Side note: I took David to look at trucks - he is tempted to get a F350 - I agree with him and it's not for a chassis mount. The price difference between the two is minimal as it was explained to me - the F350 had extra leafs and something else (can't recall off the top of my head). I say go F350 for a chassis mount. I'll be getting a F250 for a topper sometime in the future....


----------



## EdA (May 13, 2003)

FOM said:


> Side note: I took David to look at trucks - he is tempted to get a F350 - I agree with him and it's not for a chassis mount. The price difference between the two is minimal as it was explained to me - the F350 had extra leafs and something else (can't recall off the top of my head). I say go F350 for a chassis mount. I'll be getting a F250 for a topper sometime in the future....

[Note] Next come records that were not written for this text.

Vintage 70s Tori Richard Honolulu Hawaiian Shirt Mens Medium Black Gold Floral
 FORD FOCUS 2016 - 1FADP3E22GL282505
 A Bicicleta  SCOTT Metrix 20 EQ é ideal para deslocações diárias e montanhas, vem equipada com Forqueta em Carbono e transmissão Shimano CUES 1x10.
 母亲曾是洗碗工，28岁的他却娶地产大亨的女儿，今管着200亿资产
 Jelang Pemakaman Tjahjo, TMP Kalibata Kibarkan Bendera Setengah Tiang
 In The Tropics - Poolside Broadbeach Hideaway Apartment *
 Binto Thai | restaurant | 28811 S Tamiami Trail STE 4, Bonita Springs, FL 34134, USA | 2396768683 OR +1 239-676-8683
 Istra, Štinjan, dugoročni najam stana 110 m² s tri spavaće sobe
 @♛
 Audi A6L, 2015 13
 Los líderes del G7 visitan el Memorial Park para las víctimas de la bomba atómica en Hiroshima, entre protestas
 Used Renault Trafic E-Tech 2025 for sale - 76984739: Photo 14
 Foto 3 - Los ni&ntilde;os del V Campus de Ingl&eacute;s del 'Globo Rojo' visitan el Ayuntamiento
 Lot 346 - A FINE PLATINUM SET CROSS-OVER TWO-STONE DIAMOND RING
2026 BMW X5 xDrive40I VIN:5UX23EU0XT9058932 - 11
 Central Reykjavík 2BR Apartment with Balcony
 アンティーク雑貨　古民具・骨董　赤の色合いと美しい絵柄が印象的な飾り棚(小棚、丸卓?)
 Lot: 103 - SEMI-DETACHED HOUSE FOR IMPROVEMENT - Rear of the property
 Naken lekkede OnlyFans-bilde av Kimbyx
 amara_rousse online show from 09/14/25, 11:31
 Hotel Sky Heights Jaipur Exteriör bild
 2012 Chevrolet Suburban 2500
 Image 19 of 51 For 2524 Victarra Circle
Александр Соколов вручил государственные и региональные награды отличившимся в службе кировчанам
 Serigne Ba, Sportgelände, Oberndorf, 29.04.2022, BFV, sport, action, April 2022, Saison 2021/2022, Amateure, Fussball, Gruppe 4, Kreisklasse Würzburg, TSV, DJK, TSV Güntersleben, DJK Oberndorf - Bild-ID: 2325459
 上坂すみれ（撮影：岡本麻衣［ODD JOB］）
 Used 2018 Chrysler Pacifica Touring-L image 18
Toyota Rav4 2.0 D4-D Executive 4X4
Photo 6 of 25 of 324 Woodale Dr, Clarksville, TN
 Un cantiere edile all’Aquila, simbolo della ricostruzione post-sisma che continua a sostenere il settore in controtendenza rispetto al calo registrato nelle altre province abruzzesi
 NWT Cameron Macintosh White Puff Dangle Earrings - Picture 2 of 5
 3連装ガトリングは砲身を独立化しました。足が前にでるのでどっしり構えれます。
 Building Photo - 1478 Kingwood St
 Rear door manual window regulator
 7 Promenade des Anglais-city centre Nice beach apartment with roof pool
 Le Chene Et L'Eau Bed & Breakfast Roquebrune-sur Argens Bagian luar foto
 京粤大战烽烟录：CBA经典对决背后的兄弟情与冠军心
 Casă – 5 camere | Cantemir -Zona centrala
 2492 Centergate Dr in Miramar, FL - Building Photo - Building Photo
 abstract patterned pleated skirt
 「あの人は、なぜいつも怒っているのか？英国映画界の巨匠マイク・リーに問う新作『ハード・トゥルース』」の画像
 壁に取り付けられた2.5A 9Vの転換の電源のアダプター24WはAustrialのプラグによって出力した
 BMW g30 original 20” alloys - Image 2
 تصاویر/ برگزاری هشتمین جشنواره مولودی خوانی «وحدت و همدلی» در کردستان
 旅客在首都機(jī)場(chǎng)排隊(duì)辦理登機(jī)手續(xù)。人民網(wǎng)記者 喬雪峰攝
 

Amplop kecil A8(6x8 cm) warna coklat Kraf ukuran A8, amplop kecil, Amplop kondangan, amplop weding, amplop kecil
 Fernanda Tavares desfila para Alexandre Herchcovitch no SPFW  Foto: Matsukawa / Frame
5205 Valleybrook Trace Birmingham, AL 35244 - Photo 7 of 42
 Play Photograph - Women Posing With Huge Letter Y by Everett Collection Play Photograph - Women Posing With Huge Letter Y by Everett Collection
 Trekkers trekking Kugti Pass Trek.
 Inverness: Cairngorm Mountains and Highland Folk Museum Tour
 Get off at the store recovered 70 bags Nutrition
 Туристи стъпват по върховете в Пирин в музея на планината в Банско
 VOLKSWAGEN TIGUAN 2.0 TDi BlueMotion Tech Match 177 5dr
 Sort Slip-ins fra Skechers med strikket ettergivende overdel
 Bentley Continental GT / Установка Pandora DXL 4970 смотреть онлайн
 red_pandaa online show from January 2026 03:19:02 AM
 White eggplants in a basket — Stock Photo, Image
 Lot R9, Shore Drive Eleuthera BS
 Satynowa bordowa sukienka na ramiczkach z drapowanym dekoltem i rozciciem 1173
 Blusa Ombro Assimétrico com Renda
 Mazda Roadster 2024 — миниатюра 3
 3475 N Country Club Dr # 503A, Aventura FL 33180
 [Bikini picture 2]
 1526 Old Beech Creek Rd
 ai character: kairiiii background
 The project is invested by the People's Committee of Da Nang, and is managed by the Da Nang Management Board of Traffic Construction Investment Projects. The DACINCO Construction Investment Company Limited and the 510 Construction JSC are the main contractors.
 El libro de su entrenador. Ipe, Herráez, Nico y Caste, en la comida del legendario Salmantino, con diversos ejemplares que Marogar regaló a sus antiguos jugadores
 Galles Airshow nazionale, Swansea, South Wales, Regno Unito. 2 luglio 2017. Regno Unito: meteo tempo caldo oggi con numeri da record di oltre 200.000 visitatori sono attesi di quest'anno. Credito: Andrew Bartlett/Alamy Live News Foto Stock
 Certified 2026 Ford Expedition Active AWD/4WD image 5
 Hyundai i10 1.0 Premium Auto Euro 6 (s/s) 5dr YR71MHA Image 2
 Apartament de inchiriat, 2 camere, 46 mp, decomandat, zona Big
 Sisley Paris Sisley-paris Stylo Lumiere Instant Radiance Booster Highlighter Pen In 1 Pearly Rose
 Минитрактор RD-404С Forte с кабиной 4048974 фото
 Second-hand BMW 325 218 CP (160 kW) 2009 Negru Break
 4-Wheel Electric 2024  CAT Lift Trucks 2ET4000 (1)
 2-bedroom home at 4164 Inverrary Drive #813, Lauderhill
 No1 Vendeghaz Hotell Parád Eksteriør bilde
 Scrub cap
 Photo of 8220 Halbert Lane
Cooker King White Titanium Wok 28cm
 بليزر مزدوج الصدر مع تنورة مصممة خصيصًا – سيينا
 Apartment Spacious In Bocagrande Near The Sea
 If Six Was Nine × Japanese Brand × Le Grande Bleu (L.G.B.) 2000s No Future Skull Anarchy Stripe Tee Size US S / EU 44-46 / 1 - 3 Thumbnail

not much difference in an F 250 with tailer towing package and camper package other than springs, wheels, and brakes, the transmission, transmission cooler and large capacity radiator are the same

primary difference is you cannot get a 373 rear axle in an F 350, as it comes with 411 

depending on the box it is often necessary to add springs even to an F 350

with an F 350 there would be much less chance of a dealer trying to opt out of warranty service (by alleging that the chasis mount box exceeded the capacity of an F 250)


----------



## Thomas D (Jan 27, 2003)

"with an F 350 there would be much less chance of a dealer trying to opt out of warranty service (by alleging that the chasis mount box exceeded the capacity of an F 250)"

Thanks. Excellent point.


----------



## huntinman (Jun 1, 2009)

EdA said:


> not much difference in an F 250 with tailer towing package and camper package other than springs, wheels, and brakes, the transmission, transmission cooler and large capacity radiator are the same
> 
> primary difference is you cannot get a 373 rear axle in an F 350, as it comes with 411
> 
> ...


Ed, for those of us who are mechanically challenged, what is the pro/con of the 373 rear axle vs the 411...Thanks


----------



## Thomas D (Jan 27, 2003)

At what point would I need a duelly


----------



## Steve Hester (Apr 14, 2005)

huntinman said:


> Ed, for those of us who are mechanically challenged, what is the pro/con of the 373 rear axle vs the 411...Thanks


I'm not Ed, but I'll try to answer for you. The 373 equates to less low end power, but better gas mileage. The 411 equals more low end power, but not as good of gas mileage.


----------